Key ideas from cartography might allow us to reframe the question. We can shift from asking, “Which intervention is best?” to, “Given the conditions I am operating under, what intervention holds the most promise?”

Why do we keep searching for absolute and average success?

One reason the field has focused on absolute and average success may have to do with how it started. In the early 2010s, the field rapidly gained popularity after the publication of Nudge and the early success of several prominent behavioral science units. As other scientists, policymakers, and organizational leaders took note and started their own units, it seemed like a no-brainer to adopt interventions that early pioneers had already found to be effective.

However, it wasn’t that simple.

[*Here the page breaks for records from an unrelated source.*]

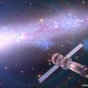Одобрен проект гигантского космического телескопа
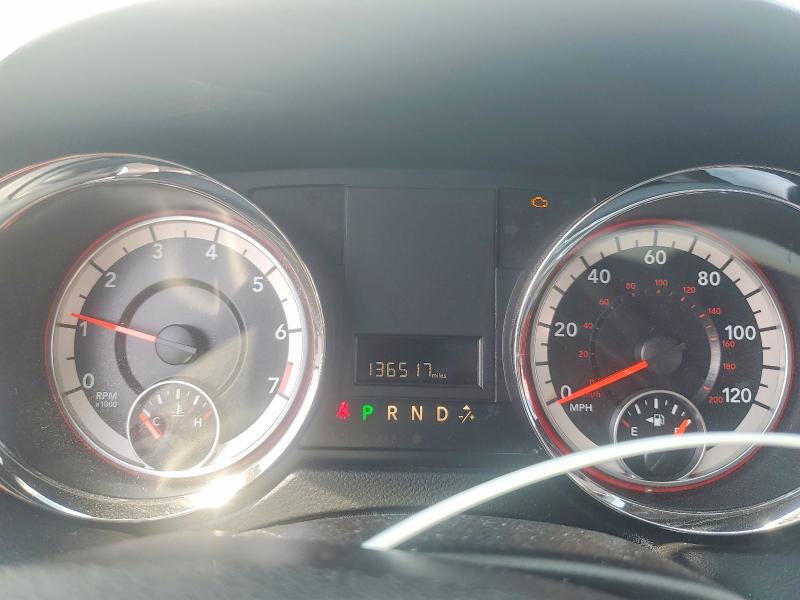 63290366 :رقم المزاد ، 2C4RDGCG5KR729472 vin ، 2019 Dodge Grand Caravan مزاد بيع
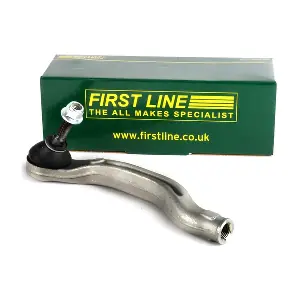 FTR5998 FIRST LINE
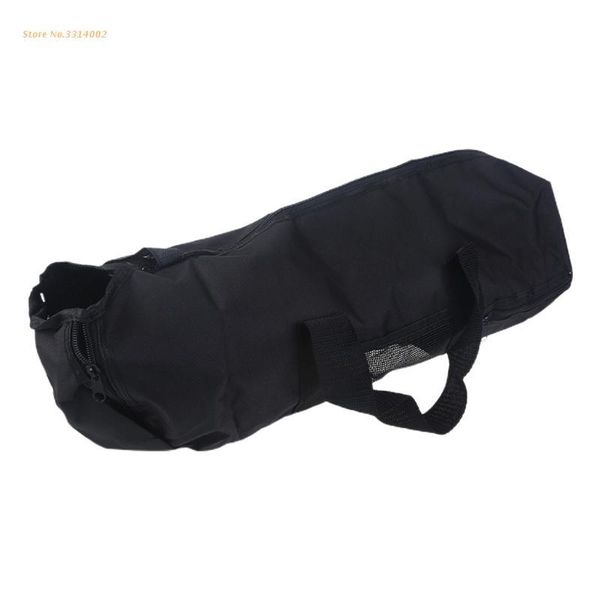 cat carriers,crates & houses grooming bag medium restraint + muzzle by downtown pet portable and durable bath drop
cat carriers,crates & houses grooming bag medium restraint + muzzle by downtown pet portable and durable bath drop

Several recent books have documented how promising interventions didn’t translate across contexts or failed at larger scales (in what John List refers to as “voltage drops”).

In hindsight, we might have been too quick to adopt blockbuster interventions elsewhere, too hesitant to adapt successful interventions to local contexts, and too hasty to reject intervention ideas that failed elsewhere but might have worked in a different context.

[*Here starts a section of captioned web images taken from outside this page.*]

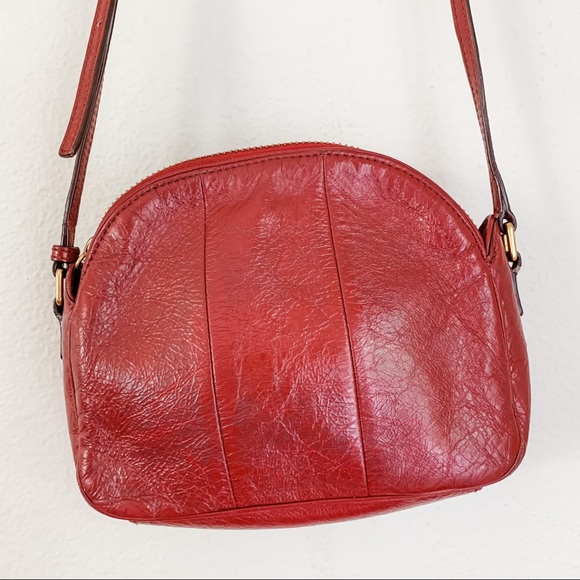 Marc by marc jacobs crossbody bag - Picture 4 of 6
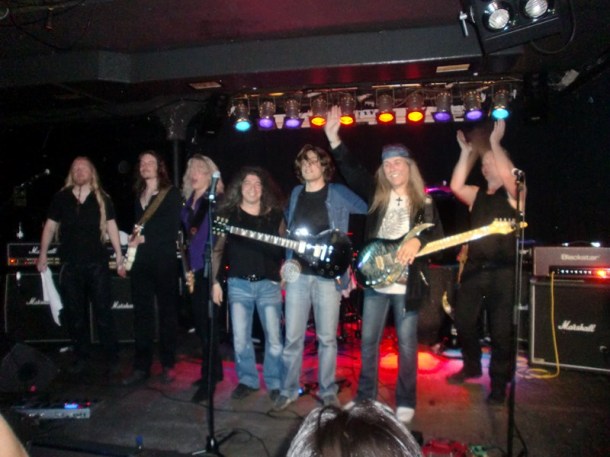 ULI JON ROTH BCN 2013 08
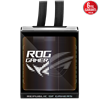 ASUS ROG STRIX SLC IV 360 ARGB LCD 360mm İşlemci Sıvı Soğutucu
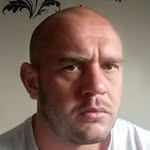 Gary Toman - @gary.toman.10 - Instagram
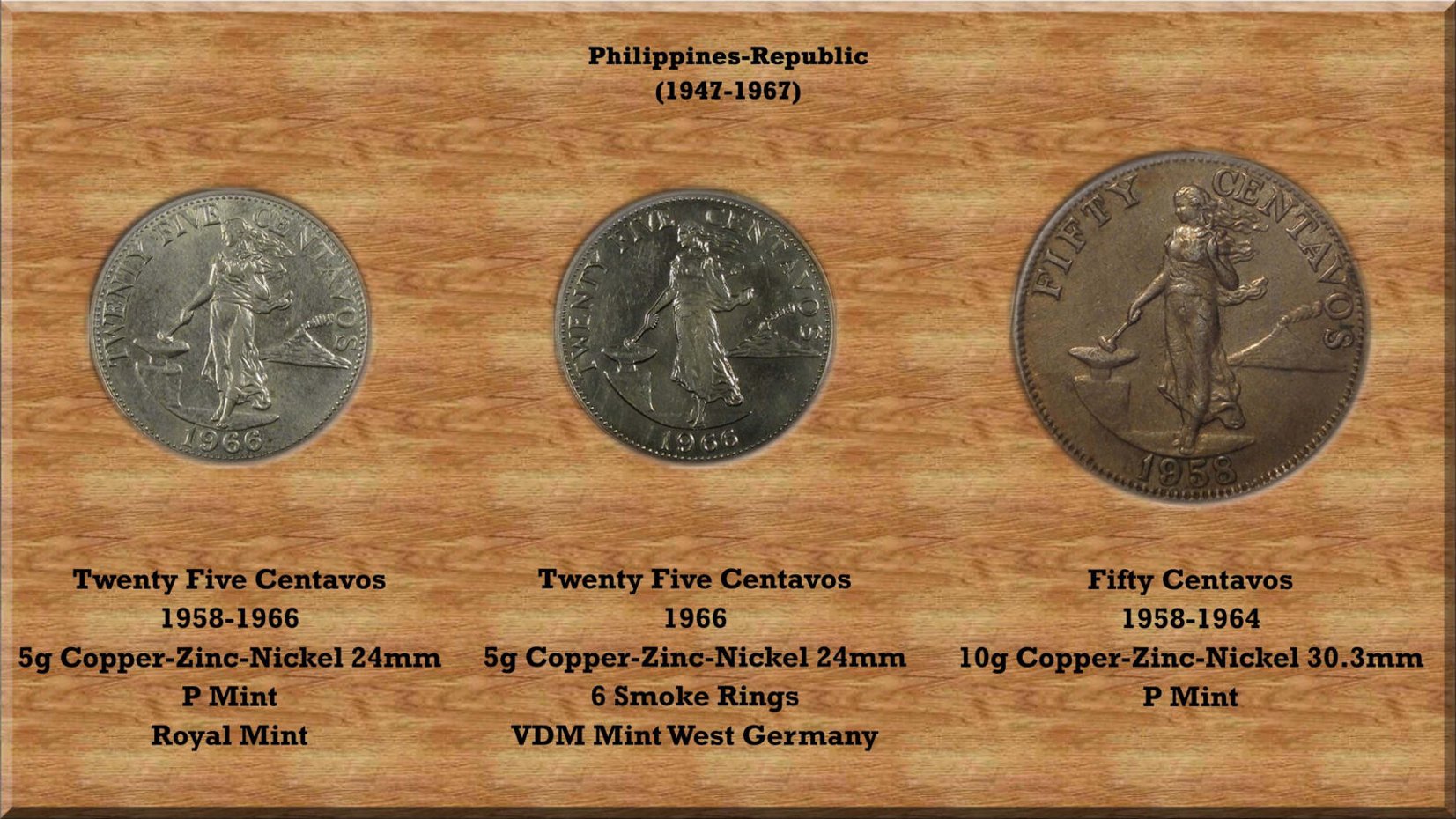 Philippines presentation_compressed-28.jpg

Much like the elevation of Canada varies depending on latitude and longitude, the effectiveness of any behavioral intervention also varies across several dimensions of context.

Many of these dimensions first came on the radar through Richard Thaler’s work on SIFs—supposedly irrelevant factors in decision-making and behavior. A SIF is any aspect of the context in which a decision is made that should not affect the outcome of the decision but does. For example, the default choice in an online shopping portal, whether a price is listed as an aggregate amount or as a per-day expense, or the medium used to present a choice (e.g., online vs. in-person) have all been shown to affect people’s decisions.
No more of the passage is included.